Leonard recalls one very difficult morning: “It was a night of particularly heavy casualties, and our friend Brenda Wilcox had come to stay at our home while her husband David and I were away on ops. In the morning, the two wives looked out of the window to see the vicar walking up the path.

“That only meant one thing and the two of them looked at each other in horror. David Wilcox was never heard of again.”

“It’s a terrifying experience going up, and if you’re not scared out of your wits, then you jolly well ought to be.”

At the end of his operational tour of 29 missions, Leonard spent time instructing pilots at No.24 Operational Training Unit under Squadron Leader Bob Hodges and from there followed him to 161 Squadron, which was based at RAF Tempsford in Bedfordshire in June 1943. Tempsford was one of the most secret bases in Britain during the Second World War and both 161 and 138 Squadron were based there, specialising in dropping Special Operations Executive (SOE) agents into occupied territory.

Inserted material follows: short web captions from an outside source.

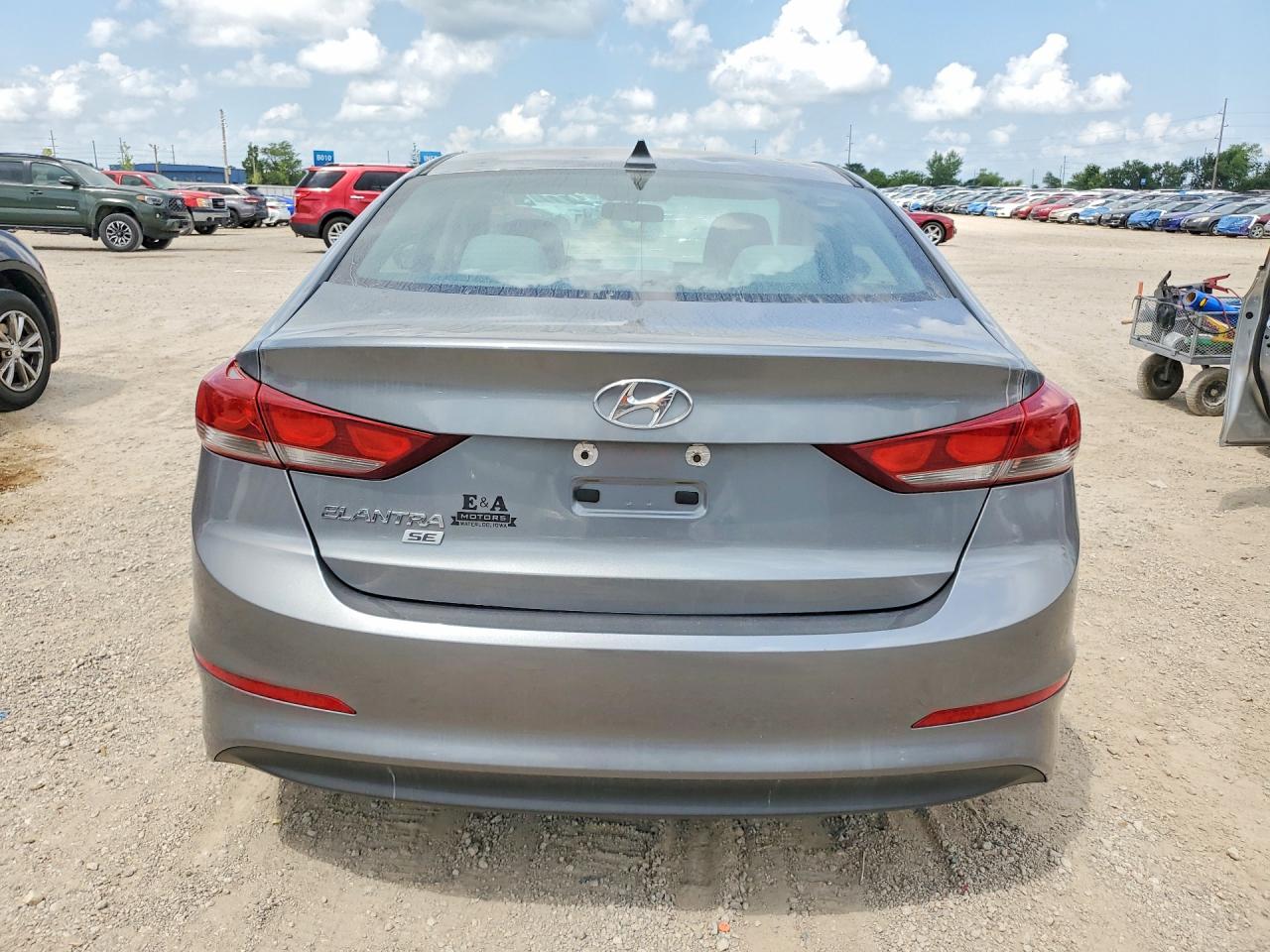 2017 Hyundai Elantra Se Серый vin: KMHD74LF5HU119988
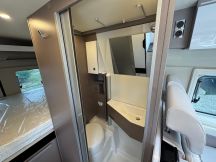 Furgonato Buerstner ELISEO C 602 - TETTO A SOFFIETTO - CAMBIO AUTOMATICO  4 posti nuovo image preview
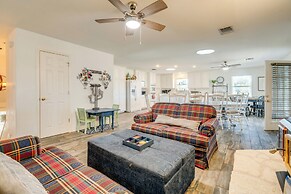 'pecan Creek Haus' Lake LBJ Retreat w/ Boat Dock!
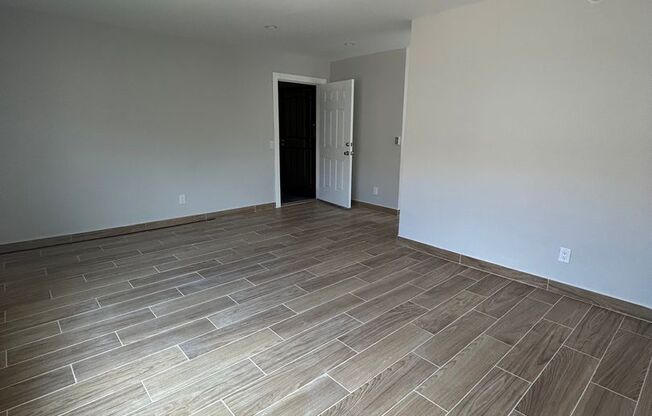 1 bed, 1 bath, $2,600, Unit 2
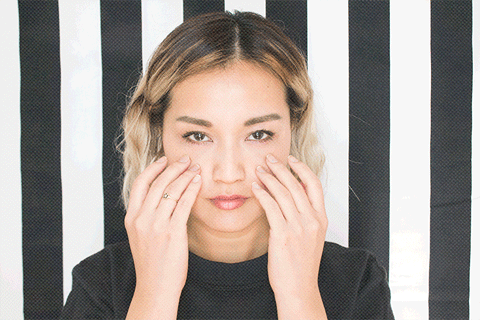 Как избавиться от морщин? Фейс-йога и популярные упражнения на PEOPLETALK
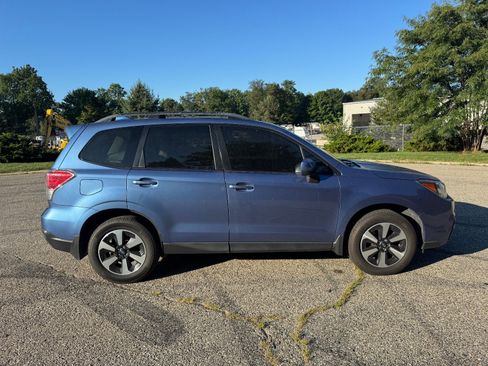 Used 2017 Subaru Forester 2.5i Premium AWD/4WD image 8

Leonard took part in more than 70 moonlight missions, and worked extensively with the resistance movements in Norway, Denmark, Holland, Germany, Belgium and France flying Halifax’s Havocs, Hudsons and Lysanders for the squadron.

Included in the many agents he dropped behind enemy lines was Yvonne Cormeau – codename Annette – whose work with the French resistance was the basis for the 2001 film Charlotte Grey.

He said: “Each mission consisted of several destinations or dropping zones. Sometimes we found ourselves operating in several different countries on any one night. It was imperative that the crews, who were constantly over occupied territory, should never know the true identity of the men and women they were dropping, to preserve their security in case we got shot down.”

As the Allies began to press home their advantage, Leonard’s stint at Tempsford came to an end, and he was posted to the Air Ministry Intelligence Department in Horseferry Road, central London.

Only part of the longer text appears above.